1. Standard ML Workflow

# 1. Import libraries
from sklearn.model_selection import train_test_split
from sklearn.linear_model import LinearRegression
from sklearn.metrics import mean_squared_error, r2_score

# 2. Prepare data
X = df[['feature1', 'feature2']]  # Features
y = df['target']                  # Target variable

# 3. Split data
X_train, X_test, y_train, y_test = train_test_split(X, y, test_size=0.2, random_state=42)

# 4. Train model
model = LinearRegression()
model.fit(X_train, y_train)

# 5. Make predictions
y_pred = model.predict(X_test)

# 6. Evaluate
mse = mean_squared_error(y_test, y_pred)
r2 = r2_score(y_test, y_pred)
print(f"MSE: {mse:.2f}, R²: {r2:.2f}")

2. Feature Engineering

# Create polynomial features
from sklearn.preprocessing import PolynomialFeatures
poly = PolynomialFeatures(degree=2)
X_poly = poly.fit_transform(X)

# Scale features
from sklearn.preprocessing import StandardScaler
scaler = StandardScaler()
X_scaled = scaler.fit_transform(X)

3. Model Evaluation

# Cross-validation
from sklearn.model_selection import cross_val_score
scores = cross_val_score(model, X, y, cv=5)
print(f"CV Score: {scores.mean():.2f} (+/- {scores.std() * 2:.2f})")

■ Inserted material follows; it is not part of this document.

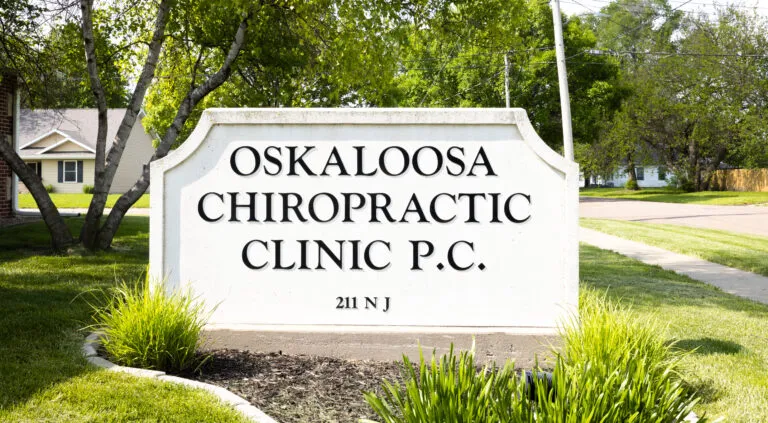 Oskaloosa Chiropractic Clinic Signage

# Confusion matrix (classification)
from sklearn.metrics import confusion_matrix, classification_report
cm = confusion_matrix(y_test, y_pred)
print(classification_report(y_test, y_pred))

💡 Pro Tips

  1. Always explore your data first: Use .head(), .info(), .describe()
  2. Handle missing values explicitly: Don't ignore them
  3. Use meaningful variable names: student_scores not data
  4. Comment your code: Explain the why, not just the what
  5. Save intermediate results: Don't recalculate everything each time
  6. Use version control: Track your changes with git
  7. Document your assumptions: What does your analysis assume?
  8. Validate your results: Do they make sense?

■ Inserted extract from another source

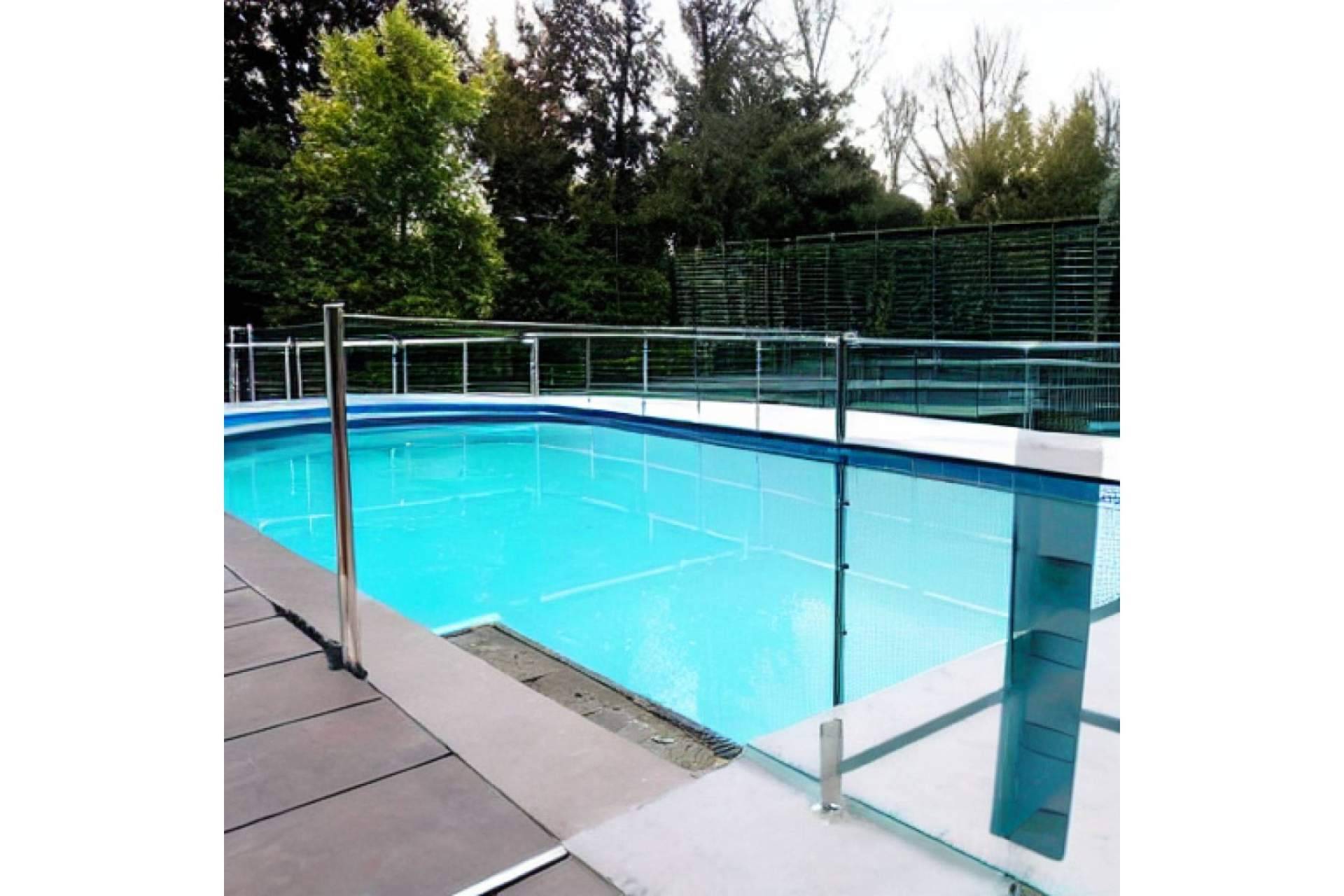 Las vallas de piscina son imprescindibles para los miembros del hogar y su seguridad, por Barmet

🚨 Common Pitfalls to Avoid

  1. Data leakage: Don't use future information to predict the past
  2. Overfitting: Your model works too well on training data
  3. Underfitting: Your model is too simple
  4. Not splitting data: Always have separate training and test sets
  5. Ignoring data quality: Clean data is crucial
  6. Not checking assumptions: Understand your model's requirements
  7. Correlation vs. causation: Correlation doesn't imply causation
  8. Not validating results: Always double-check your findings

This cheat sheet covers the most common patterns you'll use in data science. Keep it handy as you work through real projects!